The first thing Tanya did to build her launch team was to start a private Facebook group and invite around ten of her closest friends. She encouraged these friends to invite other people they thought would be interested in the book and, by launch date, the group had over eighty members. This group helped Tanya to get a better idea of different potential audiences and geographical locations to target.
Next, she set a launch date. This was carefully timed so that she could enter the book for awards and get a paid review on Kirkus Reviews ahead of the launch.
Tanya then set a date about a month before the book’s planned release date. From that month-before-release date, she started posting daily, as a countdown to launch. These posts included questions and requests–asking her followers to share posts, for example, or to talk to their local bookstore owners about the book–and to share information about podcasts on which she was a guest. This helped to get her book into small bookstores in places she wouldn’t have thought of.

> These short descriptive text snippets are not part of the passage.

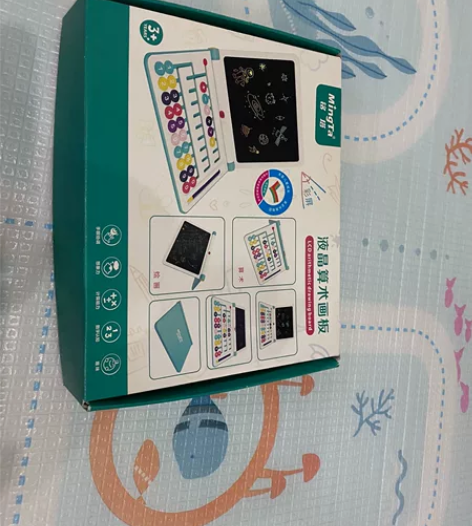 铭塔液晶算术画板 全新 可一键清除 49包...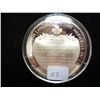 Image 2 : GREAT CANADIAN LANDMARKS 40.6 GRAMS STERLING PROOF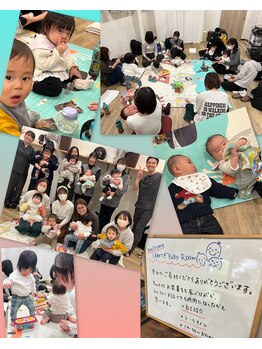 ホネツギ 柏駅西口接骨院(HONETSUGI)/ベビ会開催★
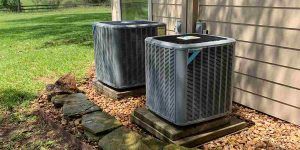 uneven cooling in house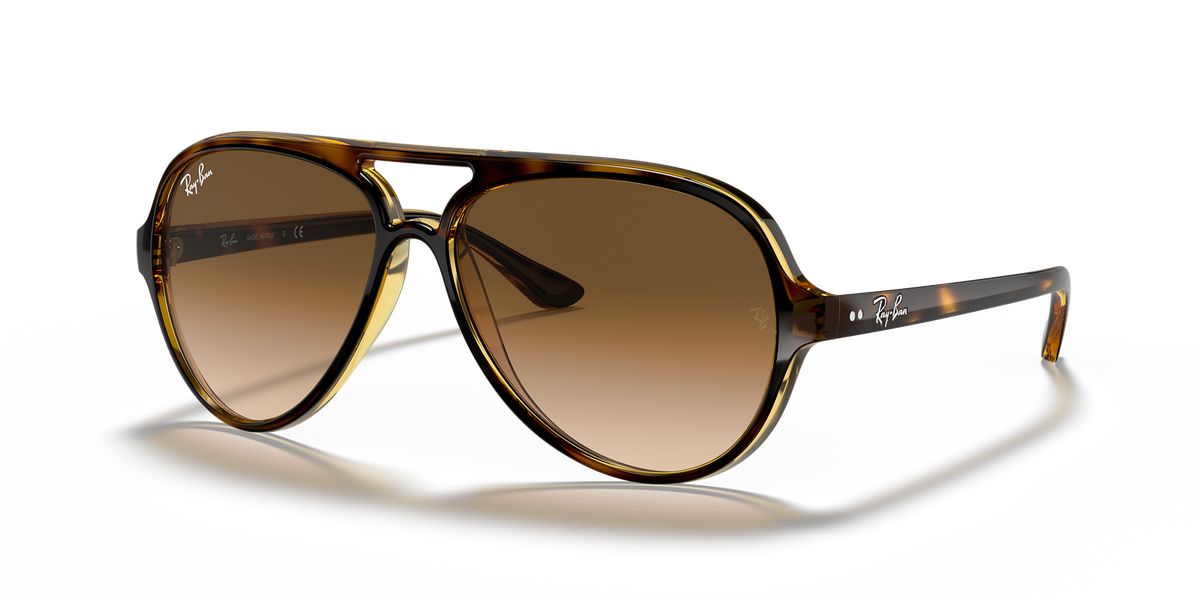 Ray-Ban Cats 5000 Classic Light Havana Light Brown Gradient 59 mm
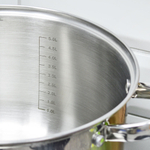 Набор кастрюль 3 предмета (2,9л, 3,9л, 6,5л) Jumbo BK-1250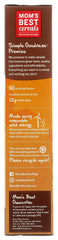 MOMS BEST: Cereal Honey Oat, 12 oz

Tanya made sure that the book was available for presale and that the cover design was ready and posted on various bookseller sites and on the Ingenium Books website. She then asked her launch team to order digital copies of the book: this way, they could be “verified purchasers.” She also asked them to read an advance reader copy, write a review–more Amazon reviews help the book move up the rankings faster and get promoted as a “Customers also search”, which leads to more sales–and share it with friends.
When the advance print copies of the book arrived, Tanya roped in her ten-year-old daughter to help take a picture and record an unboxing video, which she shared in the Facebook group. She then offered these advance copies at a discount to her launch team as a way of thanking them for their help.
What about other launch activities?
Pitching herself for podcasts turned out to be an invaluable marketing tool. Tanya got the word out about her book and the podcast host would get interesting content, so this was mutually beneficial. However, Tanya was choosy about the podcasts she pitched: she wanted to be sure that the podcasts she was on would be right for the markets she was trying to tap into. This didn’t mean that she only went for podcasts to do with sailing: in fact, she did only one podcast with a fellow sailor. She did podcasts focusing on other areas related to her book: parenting, adventure, family travel, life transformation. This helped Tanya reach potential readers she wouldn’t have found otherwise.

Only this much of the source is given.